Here are the two messages:


Attached is also an example bit of code that invokes GPGME and emits the signature expirations to stderr.

0 dkg@alice:~/src/pkg-gnupg/gpgme-test$ ./test OpenPGP < test.txt.gpg.asc > /dev/null
fpr: 3A41BCE3085F3A98FB2825CBC86DB7CCD9FB720A
status: 0
ts: 1575441736
expires: 0
0 dkg@alice:~/src/pkg-gnupg/gpgme-test$ ./test CMS < test.cms.txt > /dev/null
fpr: 702BA4B157F1E2B7D16B0C6A5FFC8A7DE2057DEB
status: 0
ts: 1574813489
expires: 2611032858
0 dkg@alice:~/src/pkg-gnupg/gpgme-test$

Event Timeline

CMS signatures do not have a expiration time. Further the meaning of the expiration time of one of the certificates also depends on the validation model (shell or chain); thus a one-to-one relationship between these times is not possible.

Very few OpenPGP data signatures have an expiration time either, fwiw. I have never actually seen one in the wild, and no one that i know uses --ask-sig-expire or --default-sig-expire (it shows up in the cupt test suite and the apt test suite, but doesn't appear to be actually used by anything).

And a CMS signature could easily be extended with an arbitrary OID that indicates a signature expiration time in the signedAttributes section if someone were to just define such a thing (i have no plans to do so)
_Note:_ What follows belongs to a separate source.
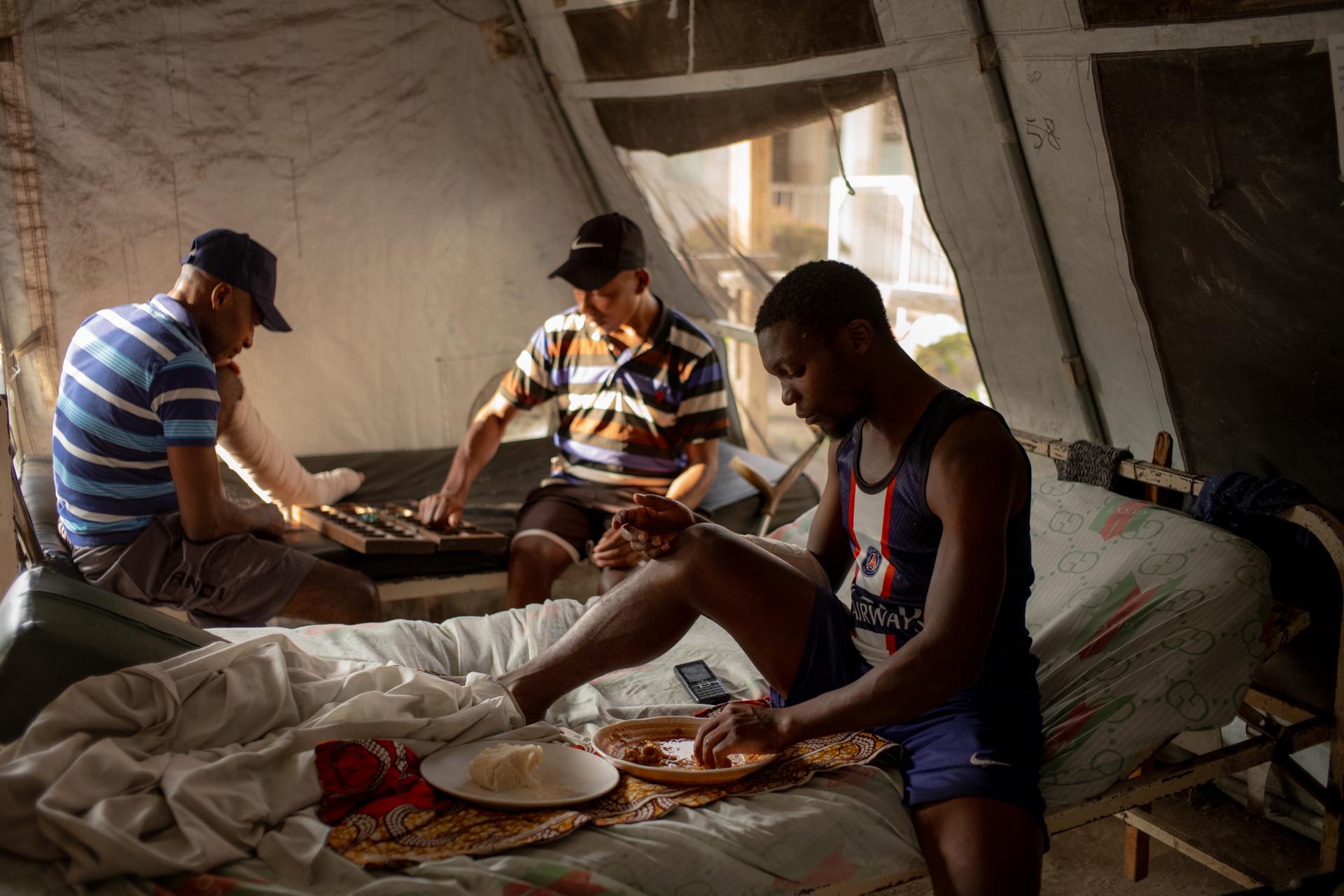 Didier, 28, from Kanyabayonga in Lubero territory, member of the FAR armed group and wazalendo fighter, in a Goma hospital, December 1, 2023.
So, regardless of the validation model that you use (shell or chain) in either protocol, the public key material in the signing certificate is overwhelmingly more likely to have an expiration date than the signature itself.

So why is the CMS variant of GPGME presenting the expiration time of the certificate (which as you mention might itself vary based on the validation model) as though it were an expiration time of the signature?